Could you return all of the entries below exactly, minus the pictures?

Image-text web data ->
*****

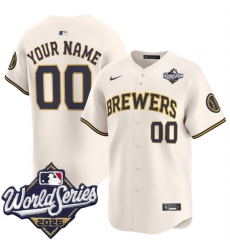Men Milwaukee Brewers ACTIVE PLAYER Custom Cream 2026 World Series Limited Stitched Baseball Jersey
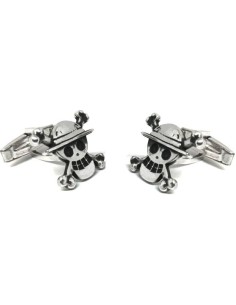 Gemelli da polso personalizzati Teschio One Piece in argento sterling 2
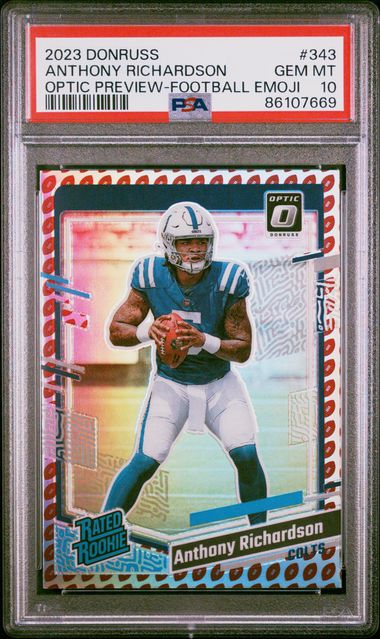 2023 Donruss Optic Preview Football Emoji #343 Anthony Richardson PSA 10 (Rookie)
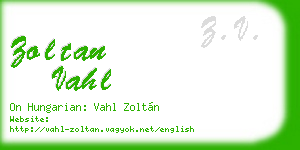 zoltan vahl business card
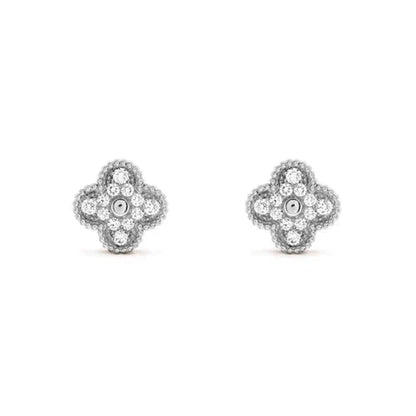 [Marins]CLOVER 1 MOTIFS DIAMOND STUD EARRINGS SILVER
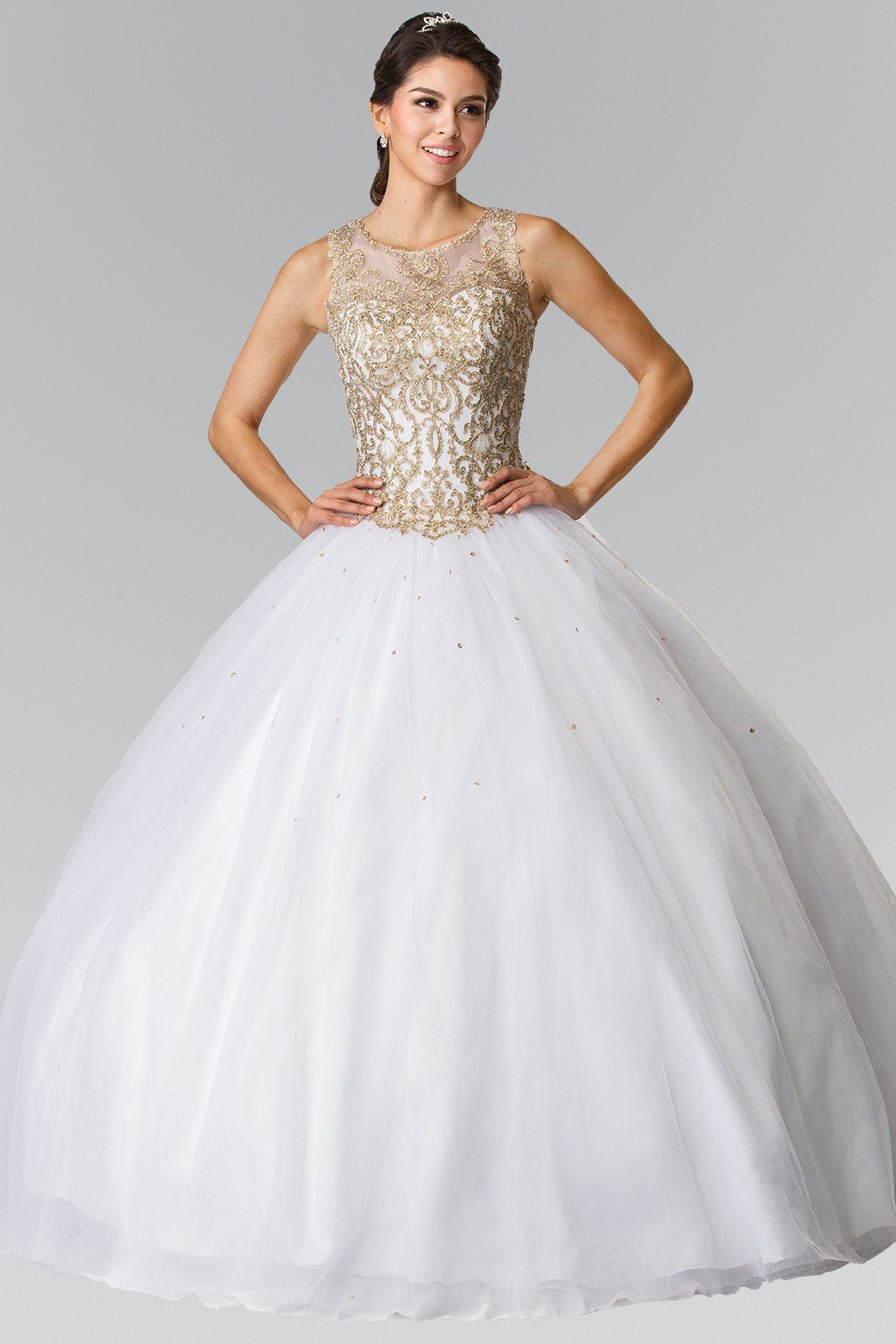 white and gold sweet 16 dress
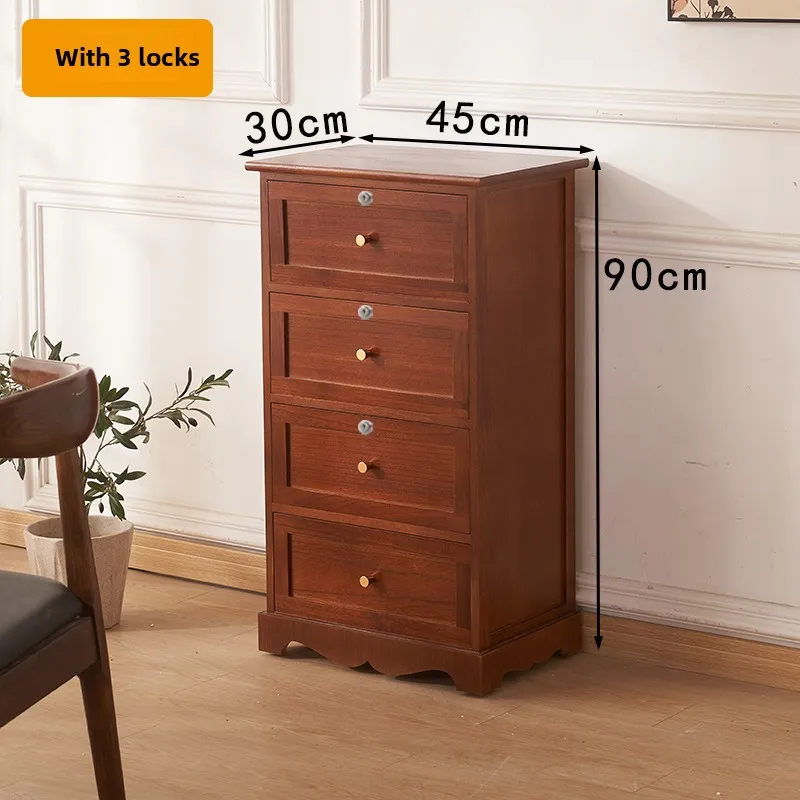 Locking Solid Wood Nightstand,Modern Multi-functional Modular Bedside Cabinet Drawers, Large Capacity Bedroom Storage Organizer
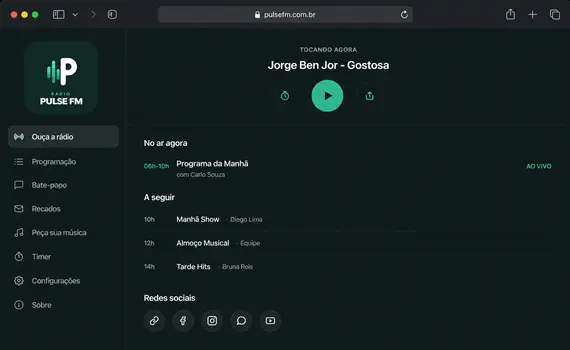BRASCAST app as PWA on computer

*****

Written answer ->
Men Milwaukee Brewers ACTIVE PLAYER Custom Cream 2026 World Series Limited Stitched Baseball Jersey
 Gemelli da polso personalizzati Teschio One Piece in argento sterling 2
 2023 Donruss Optic Preview Football Emoji #343 Anthony Richardson PSA 10 (Rookie)
 zoltan vahl business card
 [Marins]CLOVER 1 MOTIFS DIAMOND STUD EARRINGS SILVER
 white and gold sweet 16 dress
 Locking Solid Wood Nightstand,Modern Multi-functional Modular Bedside Cabinet Drawers, Large Capacity Bedroom Storage Organizer
BRASCAST app as PWA on computer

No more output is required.